■ **Task to carry out**
Reproduce the records below exactly, leaving out any pictures.

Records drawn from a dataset
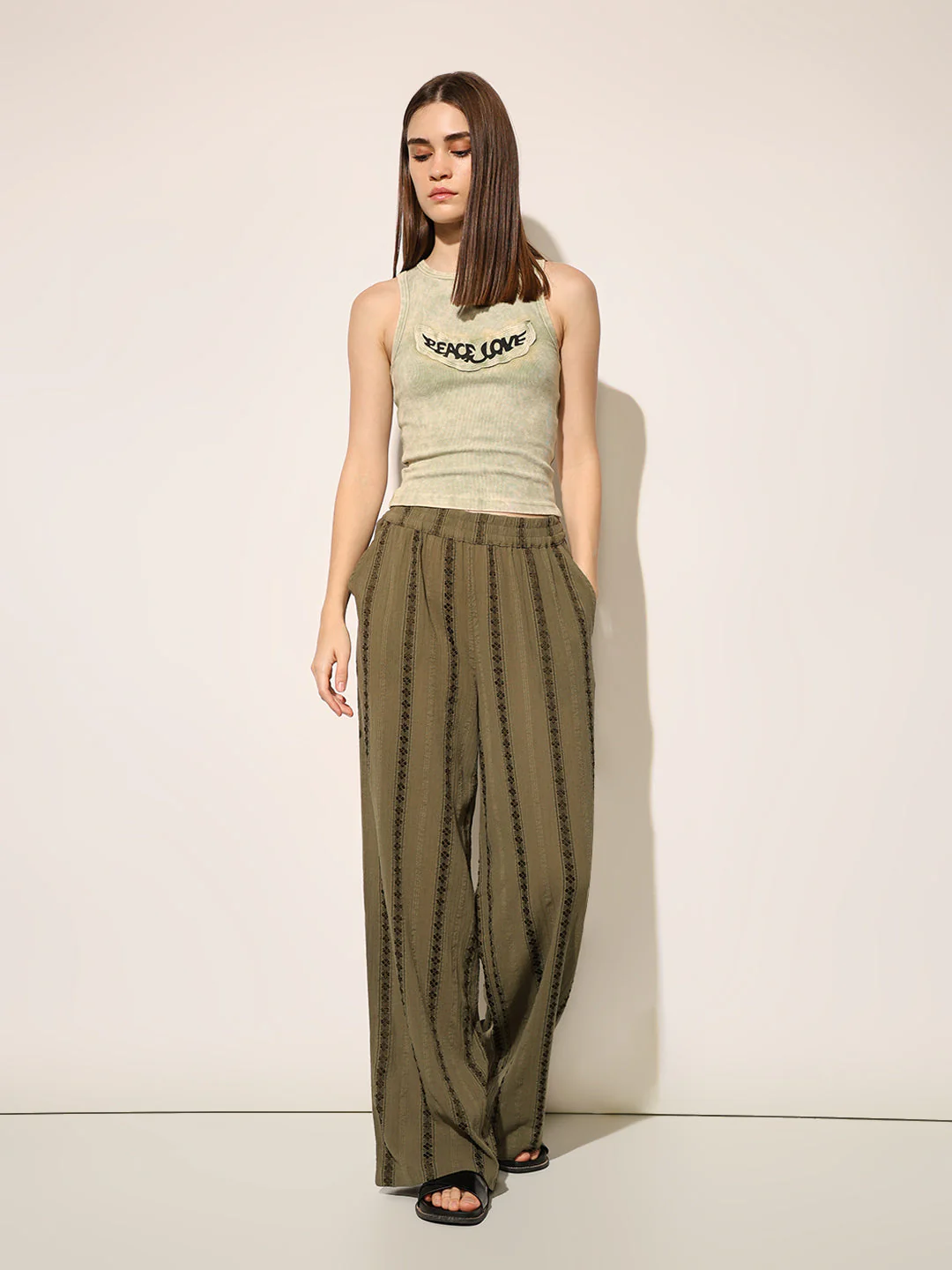 Light Green Printed Crop T-shirt - Image 2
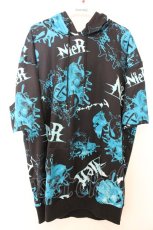 画像1: NieR Clothing / 総柄半袖パーカー F ブラックｘブルー O-26-06-28-003-PU-TO-YM-OS (1)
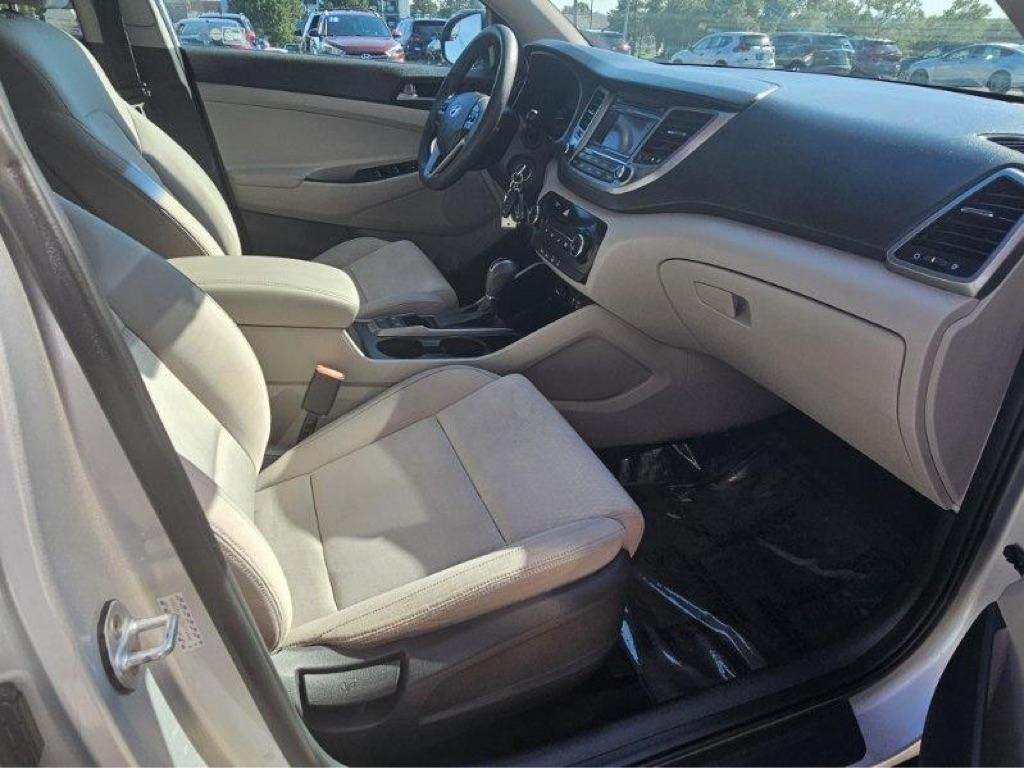 Hyundai Tucson AWD 4dr SE 2016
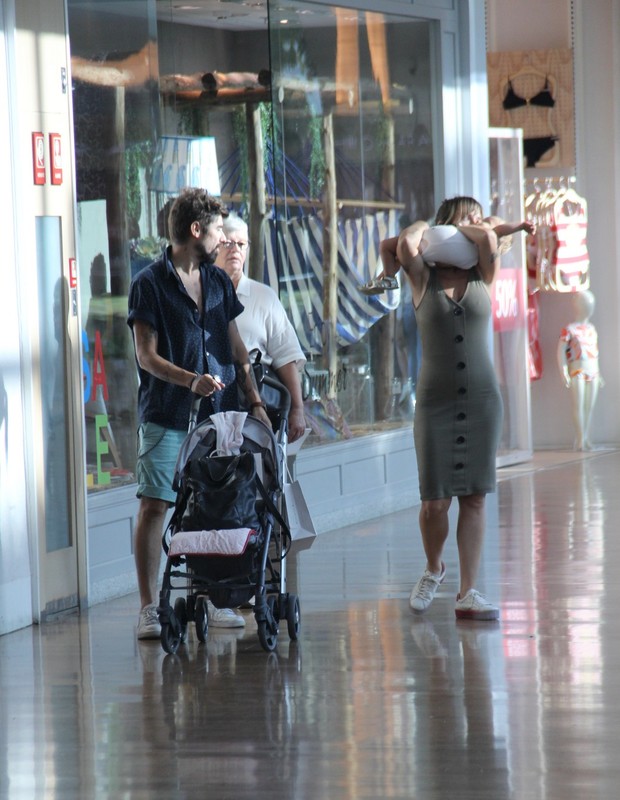 Juliana Didone com a filha, marido e mãe  (Foto: J.Humberto/AgNews)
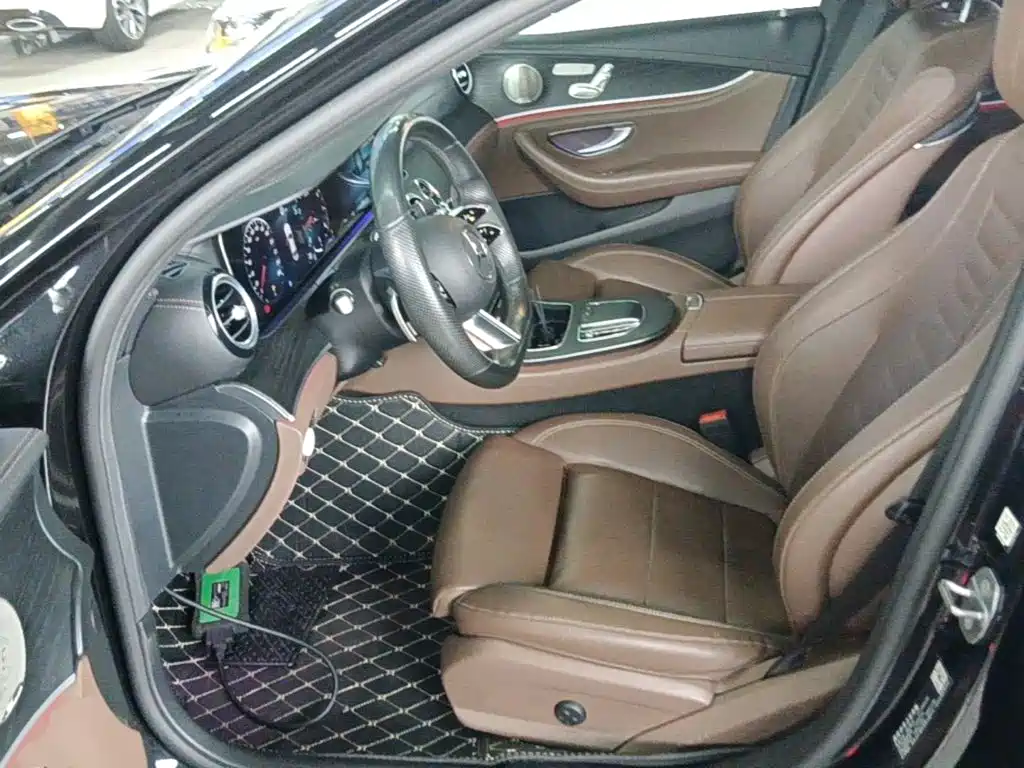 Mercedes-Benz E-Class 2022 — фото 15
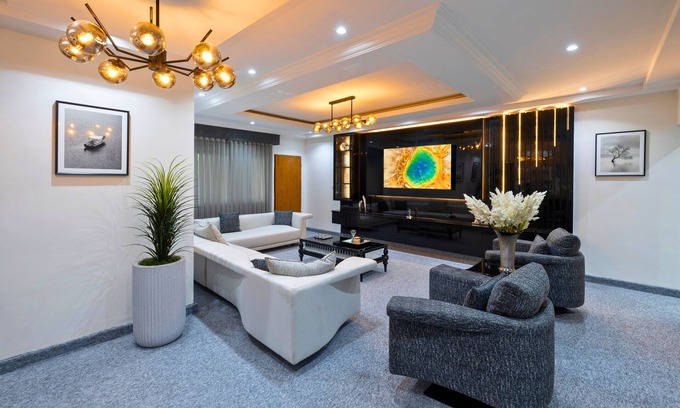 Ikoyi Apartment | Luxury 3-Bed Apartments in Ikoyi, with Pool, Gym, & Near Lagos' Top Attractions!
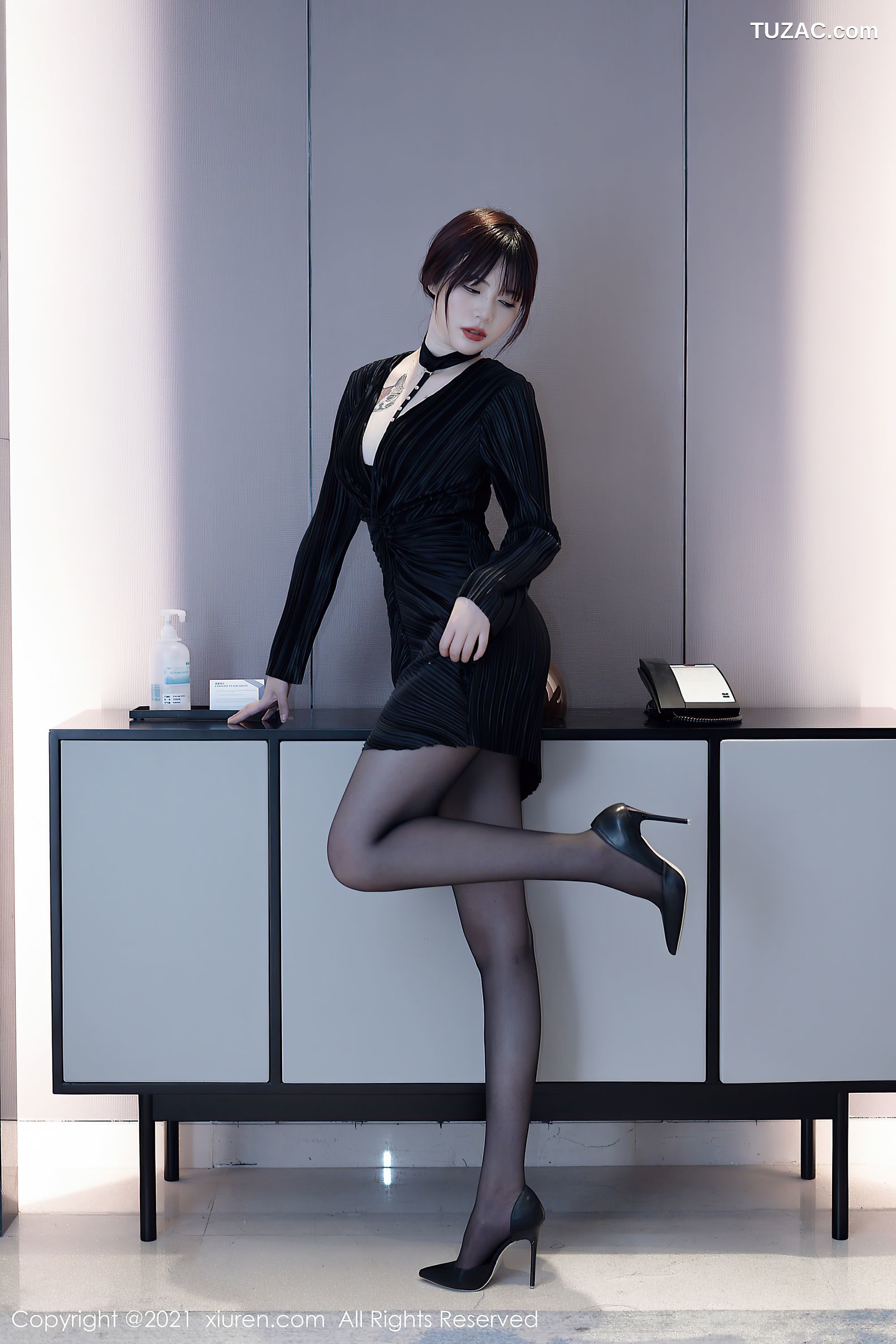 XiuRen秀人网-4080-Arude薇薇-魅惑多姿服饰性感内衣黑丝美腿-2021.10.19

■ **Response area**
 Light Green Printed Crop T-shirt - Image 2
 画像1: NieR Clothing / 総柄半袖パーカー F ブラックｘブルー O-26-06-28-003-PU-TO-YM-OS (1)
 Hyundai Tucson AWD 4dr SE 2016
 Juliana Didone com a filha, marido e mãe  (Foto: J.Humberto/AgNews)
 Mercedes-Benz E-Class 2022 — фото 15
 Ikoyi Apartment | Luxury 3-Bed Apartments in Ikoyi, with Pool, Gym, & Near Lagos' Top Attractions!
 XiuRen秀人网-4080-Arude薇薇-魅惑多姿服饰性感内衣黑丝美腿-2021.10.19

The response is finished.